#### TASK DETAILS
Return all of the data exactly, with nothing left out but the pictures.

BEGIN

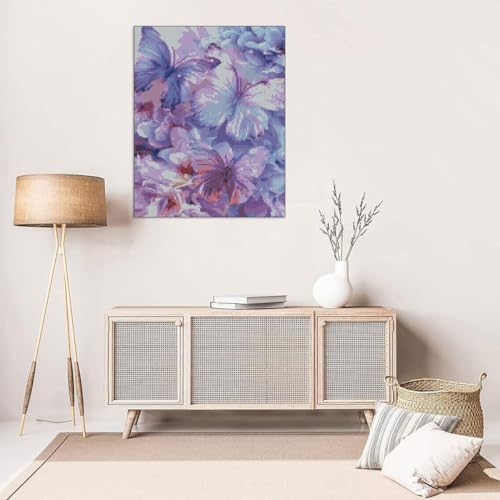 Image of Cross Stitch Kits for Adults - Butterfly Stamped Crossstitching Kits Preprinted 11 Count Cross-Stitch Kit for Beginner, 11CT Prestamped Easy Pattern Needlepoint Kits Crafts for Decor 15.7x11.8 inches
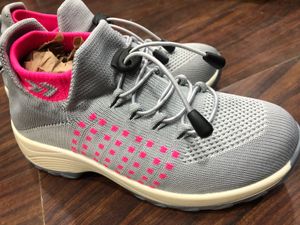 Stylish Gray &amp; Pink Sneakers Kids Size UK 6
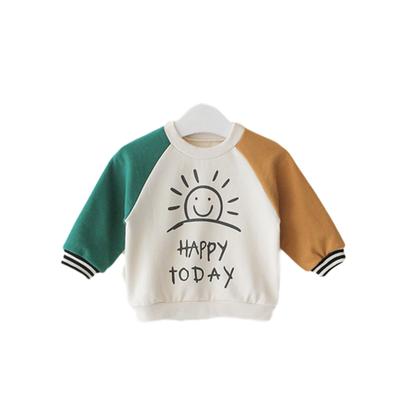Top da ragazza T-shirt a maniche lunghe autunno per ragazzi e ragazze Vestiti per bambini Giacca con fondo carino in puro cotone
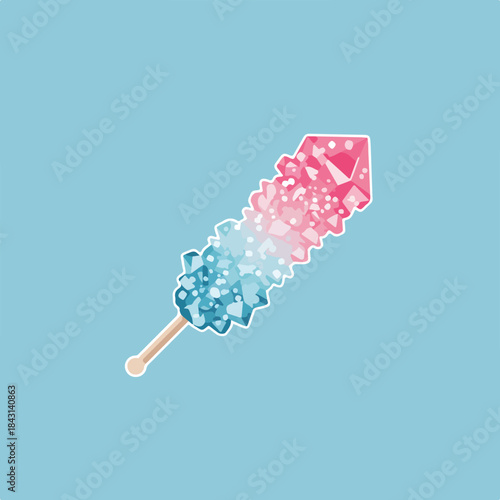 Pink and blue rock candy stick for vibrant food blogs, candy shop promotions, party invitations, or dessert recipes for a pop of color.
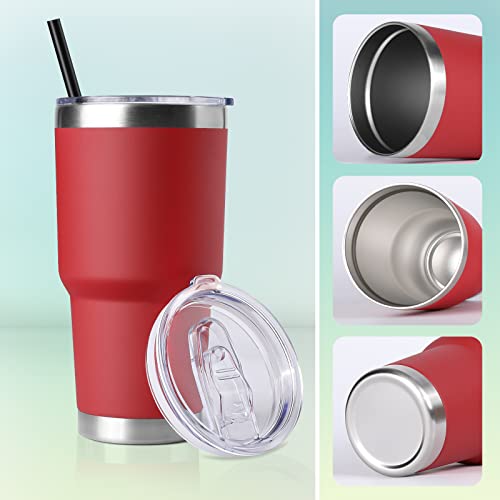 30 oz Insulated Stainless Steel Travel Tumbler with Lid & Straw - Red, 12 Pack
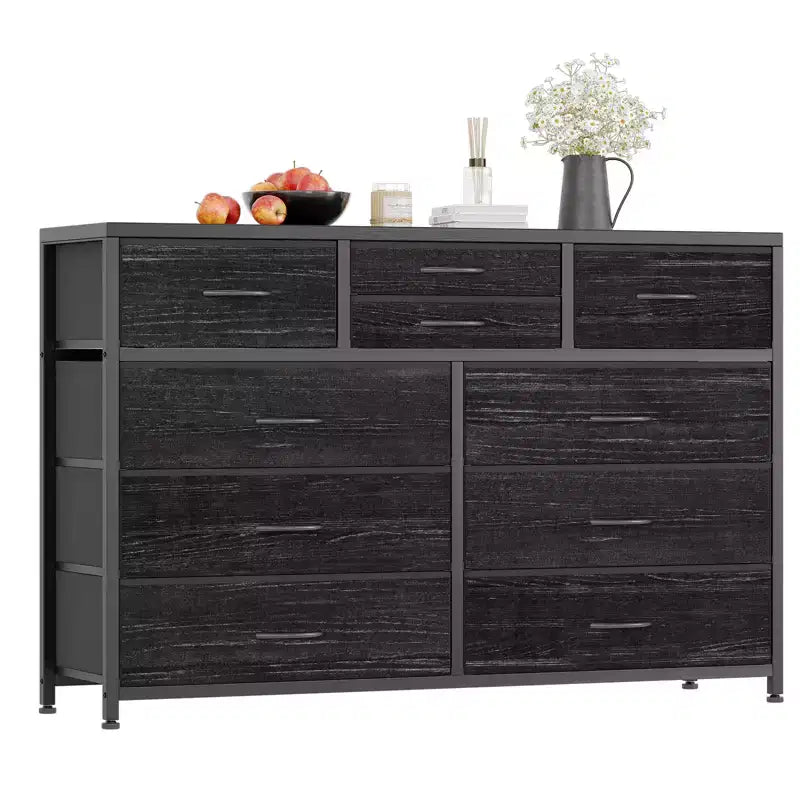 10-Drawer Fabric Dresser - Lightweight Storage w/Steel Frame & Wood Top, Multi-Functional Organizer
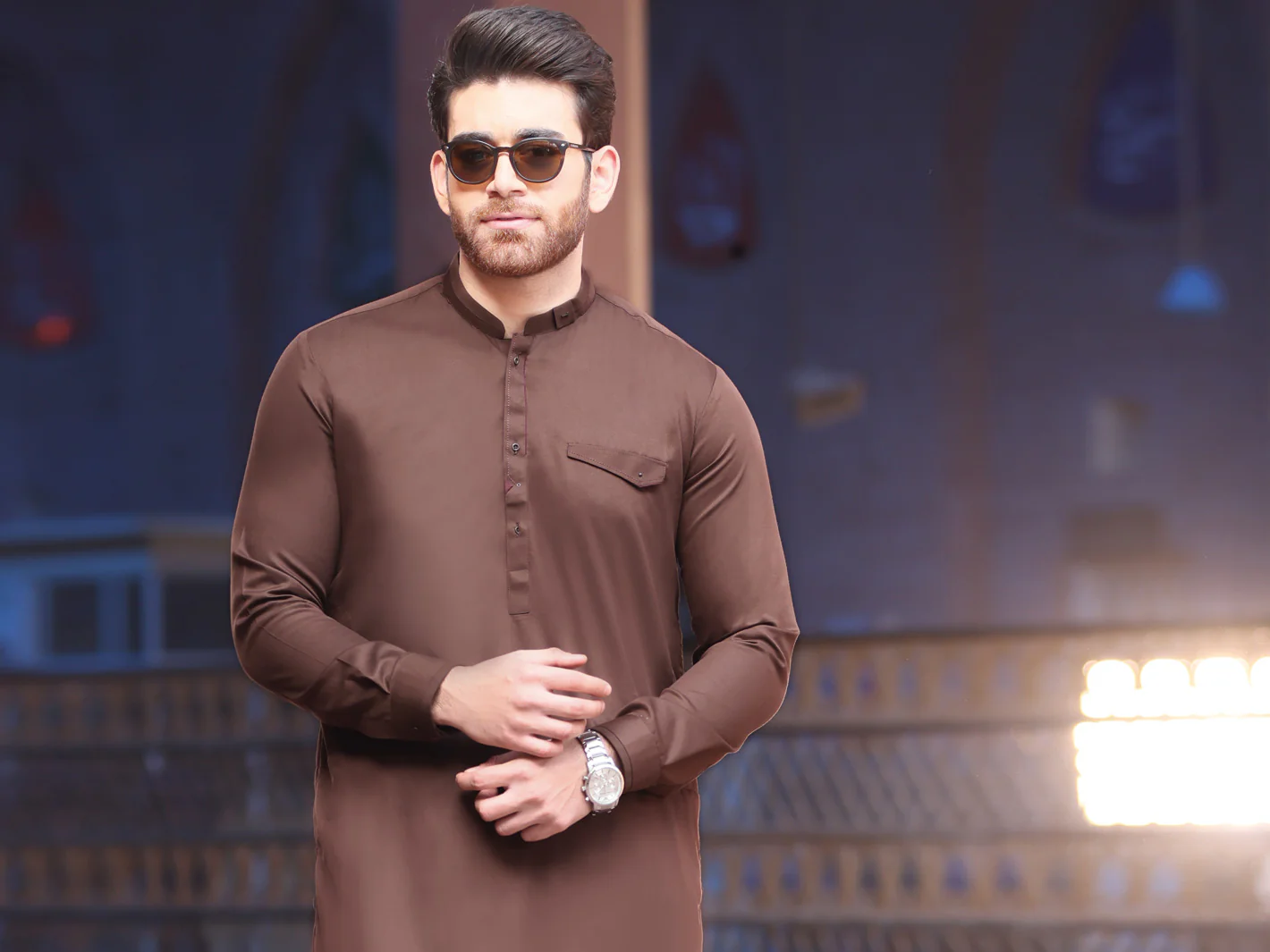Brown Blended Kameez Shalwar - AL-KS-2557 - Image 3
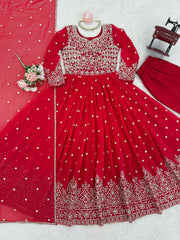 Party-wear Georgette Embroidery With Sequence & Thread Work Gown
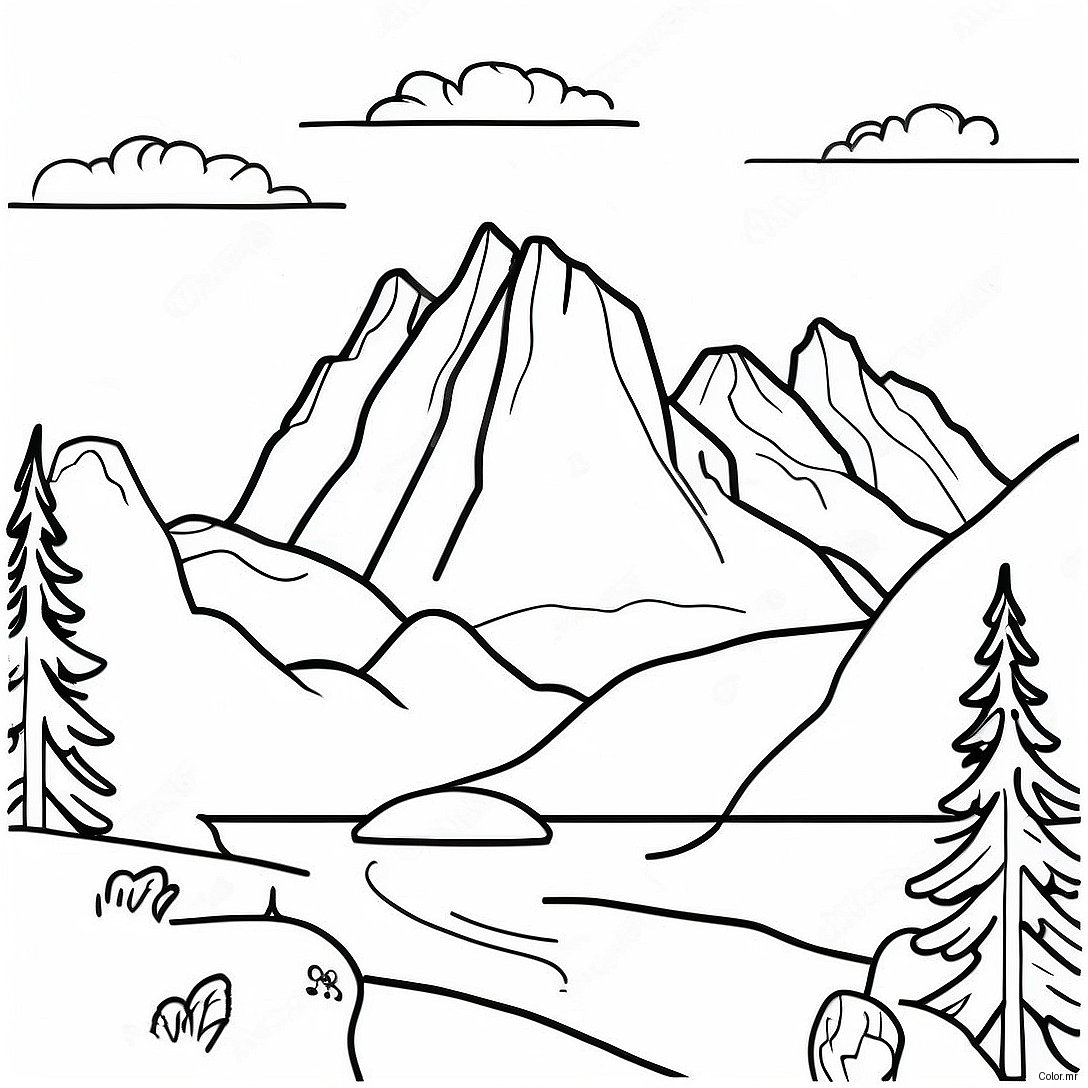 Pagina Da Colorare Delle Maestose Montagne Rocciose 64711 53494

END

#### WRITTEN ANSWER
 Image of Cross Stitch Kits for Adults - Butterfly Stamped Crossstitching Kits Preprinted 11 Count Cross-Stitch Kit for Beginner, 11CT Prestamped Easy Pattern Needlepoint Kits Crafts for Decor 15.7x11.8 inches
 Stylish Gray &amp; Pink Sneakers Kids Size UK 6
Top da ragazza T-shirt a maniche lunghe autunno per ragazzi e ragazze Vestiti per bambini Giacca con fondo carino in puro cotone
 Pink and blue rock candy stick for vibrant food blogs, candy shop promotions, party invitations, or dessert recipes for a pop of color.
 30 oz Insulated Stainless Steel Travel Tumbler with Lid & Straw - Red, 12 Pack
 10-Drawer Fabric Dresser - Lightweight Storage w/Steel Frame & Wood Top, Multi-Functional Organizer
Brown Blended Kameez Shalwar - AL-KS-2557 - Image 3
 Party-wear Georgette Embroidery With Sequence & Thread Work Gown
 Pagina Da Colorare Delle Maestose Montagne Rocciose 64711 53494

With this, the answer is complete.